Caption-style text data
- - -
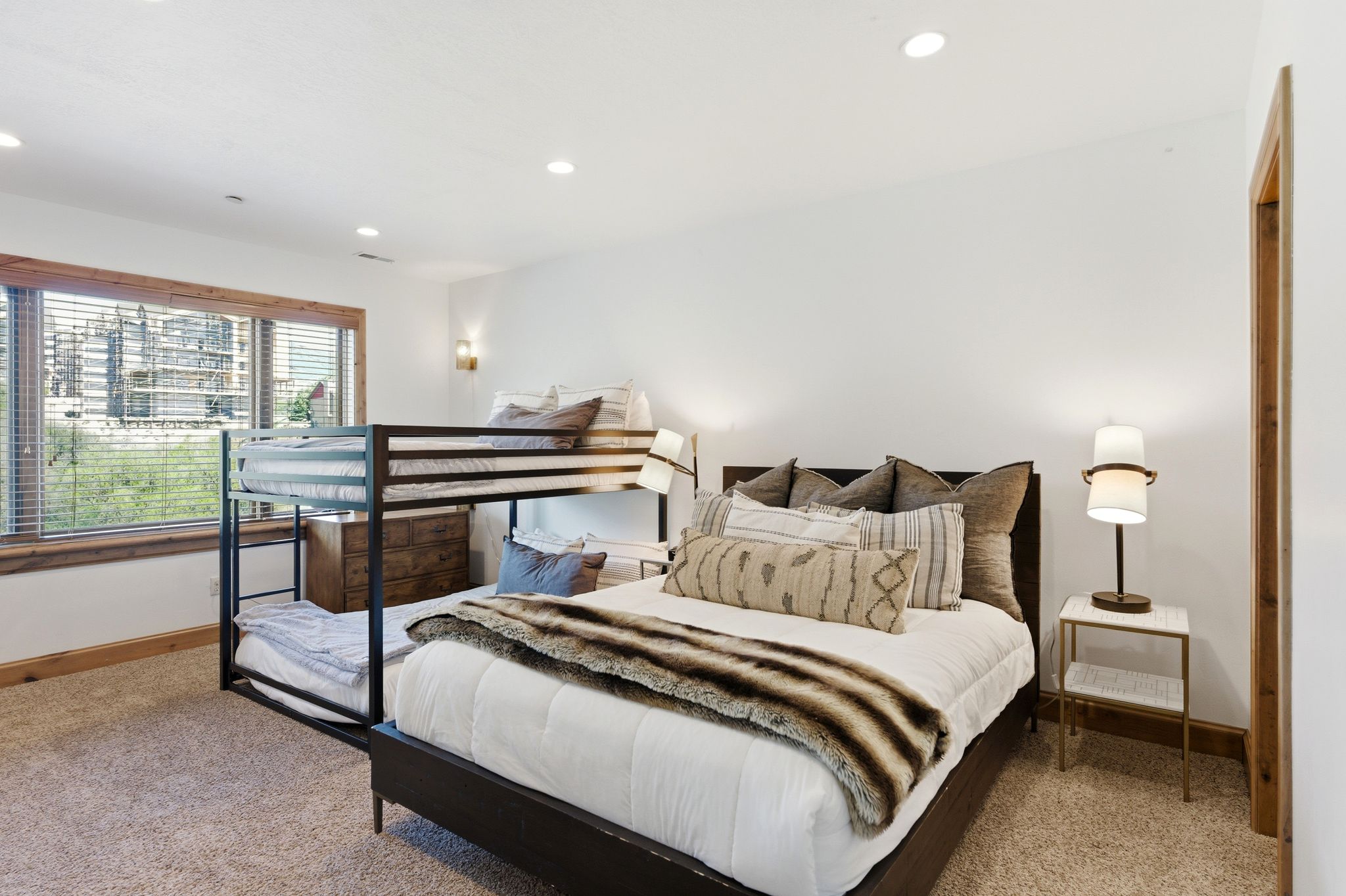 Bedroom featuring neutral-toned carpeting and white walls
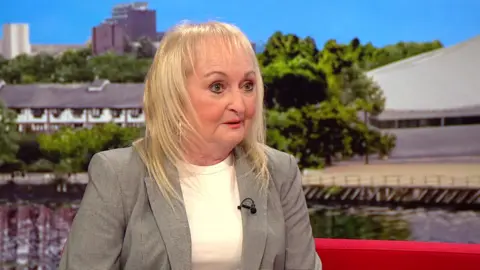 Jenni sits on a red sofa in the BBC Breakfast studio. She has shoulder-length blonde hair. She wears a white top under a grey blazer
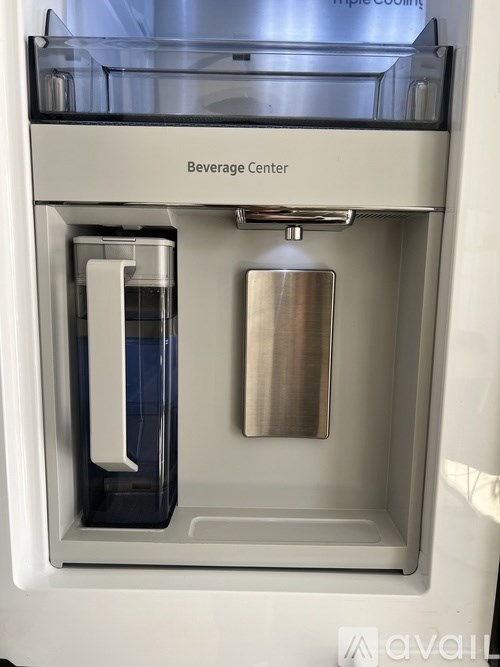 A bedroom with a bed, a ceiling fan, and a window with curtains.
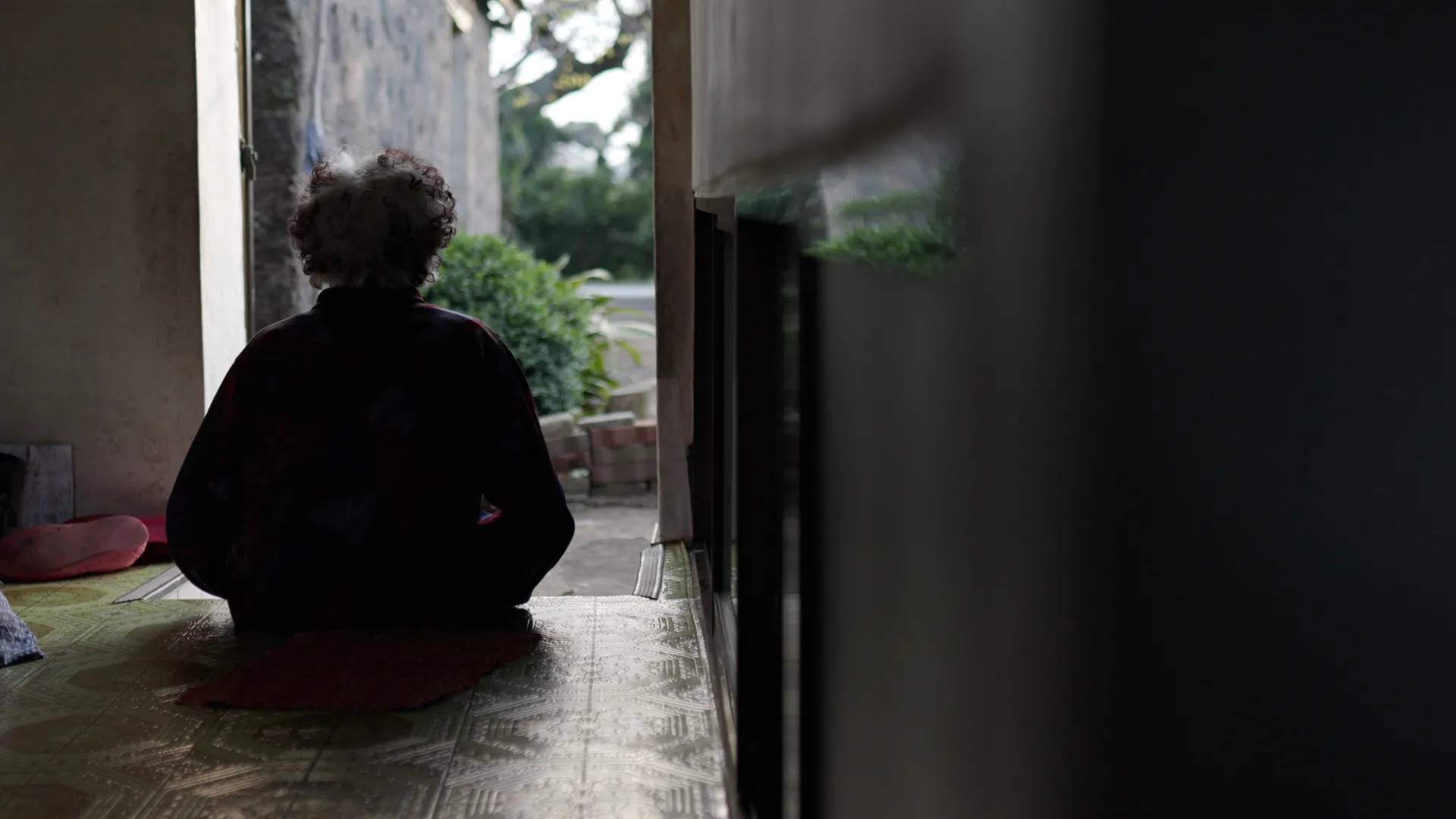 Film still of an Asian senior female sitting on the floor with backlighting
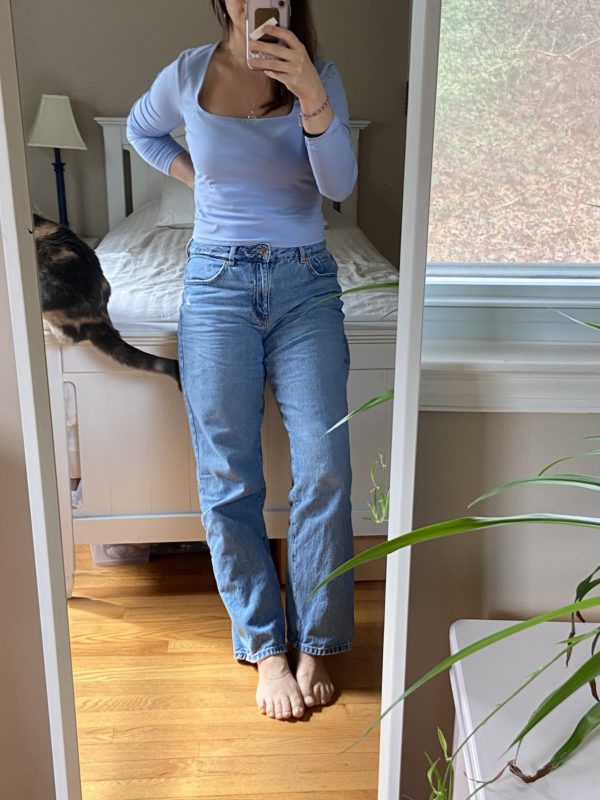 Kristen in jeans and a blue shirt.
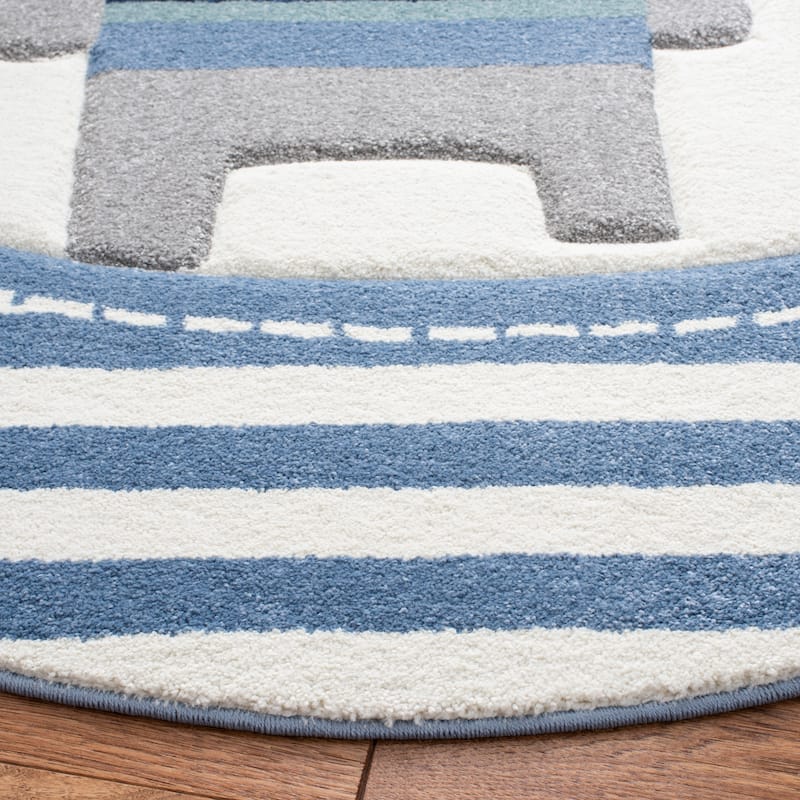 SAFAVIEH Carousel Kids Basimah Stripe Dog Rug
- - -
__WHAT IS EXPECTED__
All of the entries above are to be transcribed word for word, with no pictures included.

__YOUR SOLUTION__
 Bedroom featuring neutral-toned carpeting and white walls
 Jenni sits on a red sofa in the BBC Breakfast studio. She has shoulder-length blonde hair. She wears a white top under a grey blazer
 A bedroom with a bed, a ceiling fan, and a window with curtains.
 Film still of an Asian senior female sitting on the floor with backlighting
 Kristen in jeans and a blue shirt.
 SAFAVIEH Carousel Kids Basimah Stripe Dog Rug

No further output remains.